■ EXERCISE GOAL:
Within the records that follow, restate exactly the lines from the line with "Vignetting is almost" down to the line with "Then check the", including both. Omit the pictures.

■ STUDY MATERIAL:
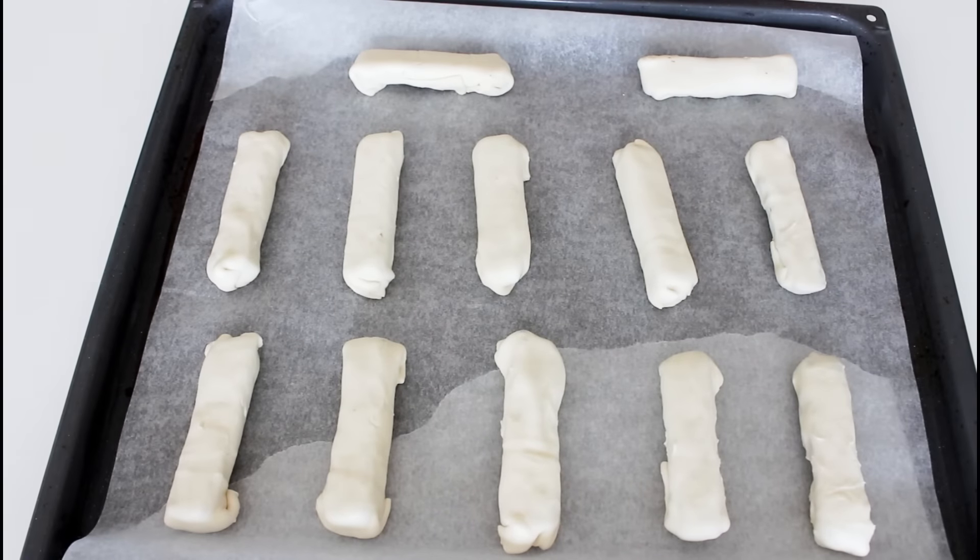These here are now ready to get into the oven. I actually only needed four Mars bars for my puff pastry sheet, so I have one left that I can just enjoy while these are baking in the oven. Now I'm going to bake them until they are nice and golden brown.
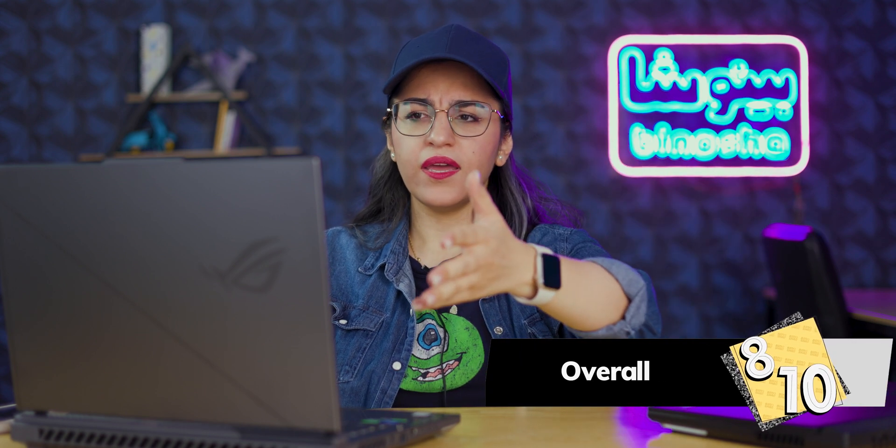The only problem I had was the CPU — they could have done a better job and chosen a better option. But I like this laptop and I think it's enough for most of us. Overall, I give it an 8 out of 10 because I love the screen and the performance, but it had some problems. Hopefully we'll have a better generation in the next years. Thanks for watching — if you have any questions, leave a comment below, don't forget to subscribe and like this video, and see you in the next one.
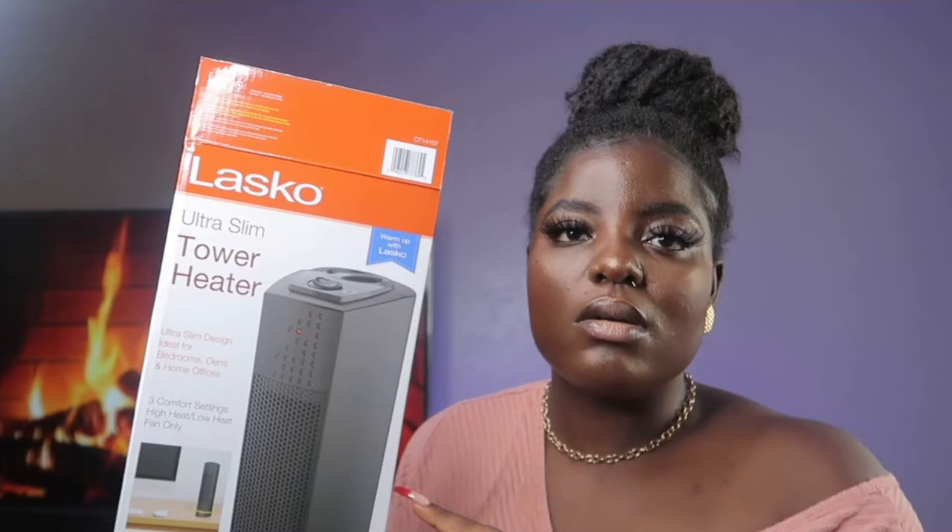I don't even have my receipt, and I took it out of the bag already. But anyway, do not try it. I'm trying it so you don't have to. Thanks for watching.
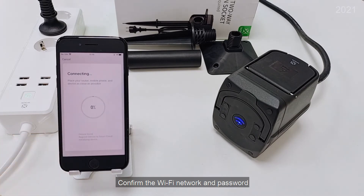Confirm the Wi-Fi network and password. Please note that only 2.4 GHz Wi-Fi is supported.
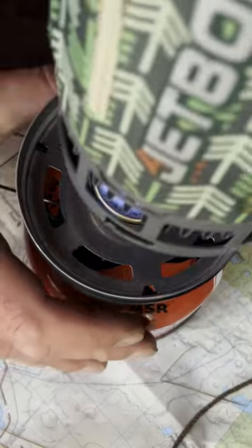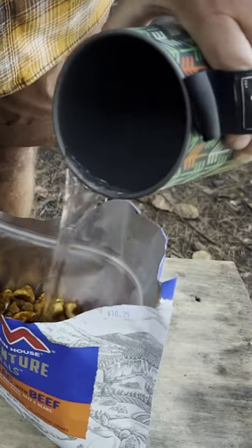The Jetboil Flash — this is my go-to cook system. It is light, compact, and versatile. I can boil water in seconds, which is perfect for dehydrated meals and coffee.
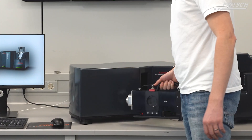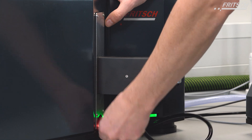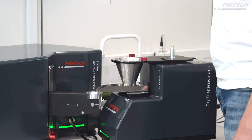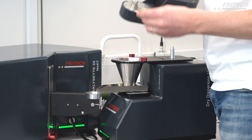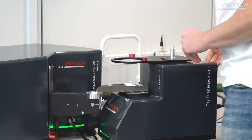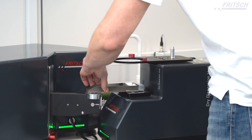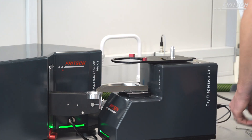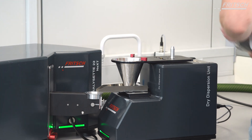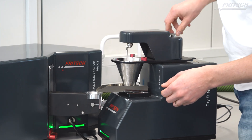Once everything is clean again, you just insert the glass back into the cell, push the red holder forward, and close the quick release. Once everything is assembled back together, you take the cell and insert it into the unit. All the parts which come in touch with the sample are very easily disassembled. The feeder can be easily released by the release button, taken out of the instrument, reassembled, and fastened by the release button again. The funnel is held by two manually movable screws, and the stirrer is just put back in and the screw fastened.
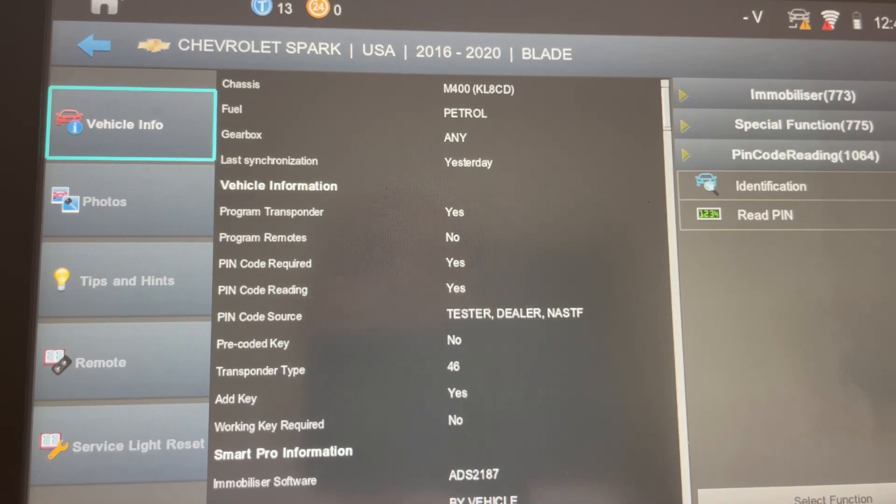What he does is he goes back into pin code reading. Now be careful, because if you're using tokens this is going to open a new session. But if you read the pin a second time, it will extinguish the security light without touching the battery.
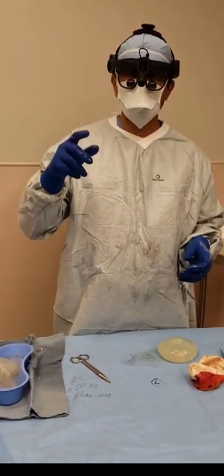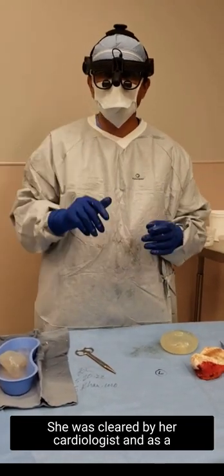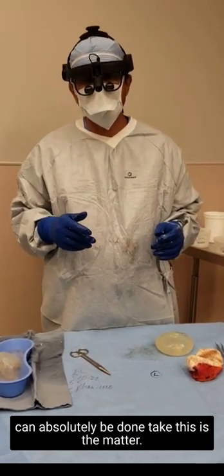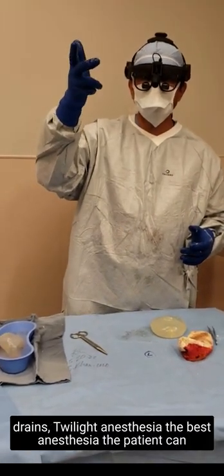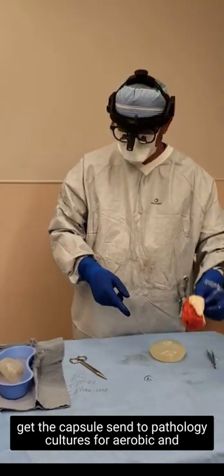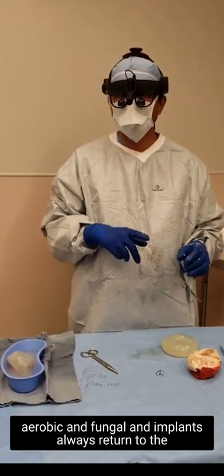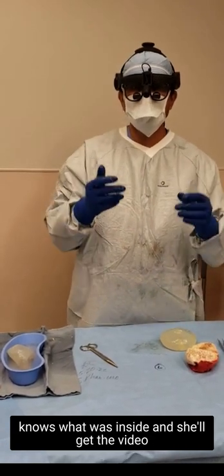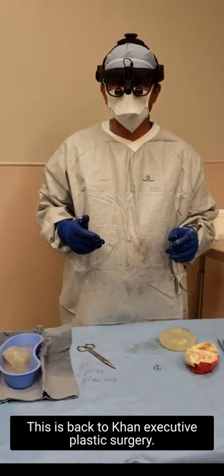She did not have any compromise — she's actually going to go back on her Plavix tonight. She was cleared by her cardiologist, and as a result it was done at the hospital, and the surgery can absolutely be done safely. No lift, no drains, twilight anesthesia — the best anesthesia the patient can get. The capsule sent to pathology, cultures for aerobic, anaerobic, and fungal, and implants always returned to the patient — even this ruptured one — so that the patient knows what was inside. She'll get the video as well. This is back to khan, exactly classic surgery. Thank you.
---
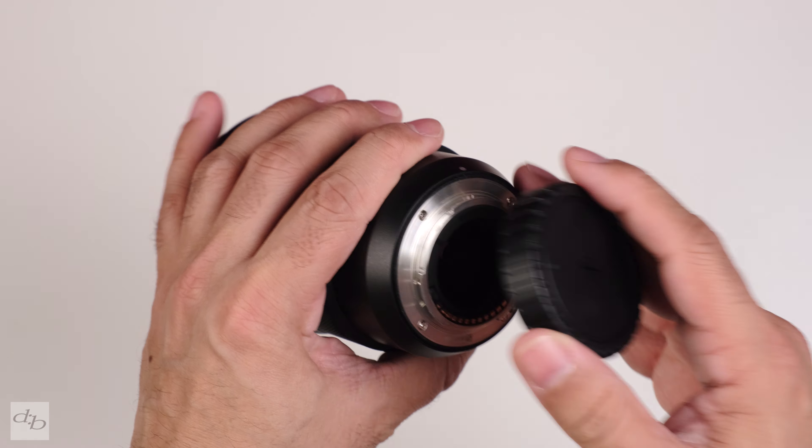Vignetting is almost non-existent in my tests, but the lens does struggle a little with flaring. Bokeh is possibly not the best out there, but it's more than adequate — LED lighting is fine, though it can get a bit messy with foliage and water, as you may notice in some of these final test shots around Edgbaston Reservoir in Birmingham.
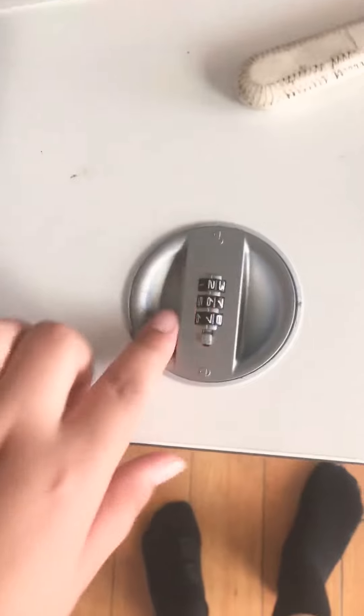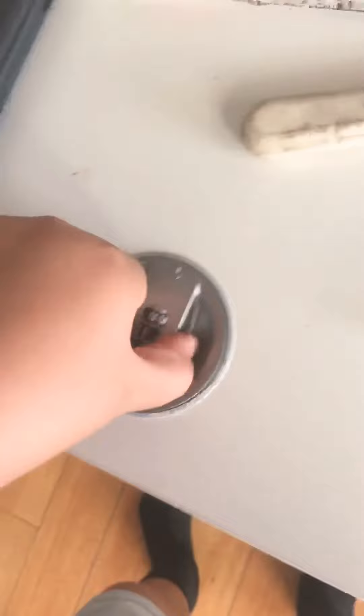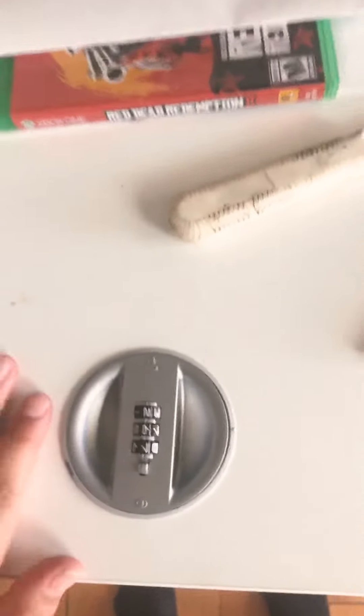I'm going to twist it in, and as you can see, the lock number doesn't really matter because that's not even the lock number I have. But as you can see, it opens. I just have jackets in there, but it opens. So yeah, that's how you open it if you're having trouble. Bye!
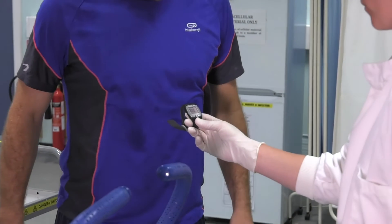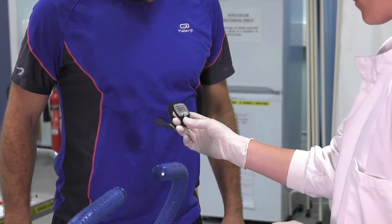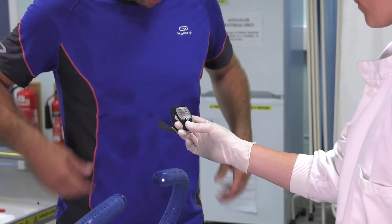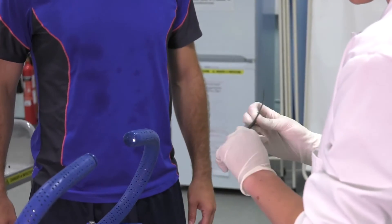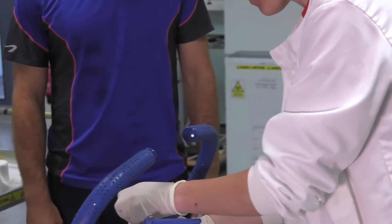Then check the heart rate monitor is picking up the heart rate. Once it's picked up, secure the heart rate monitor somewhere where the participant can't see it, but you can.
...
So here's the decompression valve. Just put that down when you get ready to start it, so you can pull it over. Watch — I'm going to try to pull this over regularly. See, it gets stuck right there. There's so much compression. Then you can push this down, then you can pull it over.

■ RESPONSE TO THIS TASK:
Vignetting is almost non-existent in my tests, but the lens does struggle a little with flaring. Bokeh is possibly not the best out there, but it's more than adequate — LED lighting is fine, though it can get a bit messy with foliage and water, as you may notice in some of these final test shots around Edgbaston Reservoir in Birmingham.
I'm going to twist it in, and as you can see, the lock number doesn't really matter because that's not even the lock number I have. But as you can see, it opens. I just have jackets in there, but it opens. So yeah, that's how you open it if you're having trouble. Bye!
Then check the heart rate monitor is picking up the heart rate. Once it's picked up, secure the heart rate monitor somewhere where the participant can't see it, but you can.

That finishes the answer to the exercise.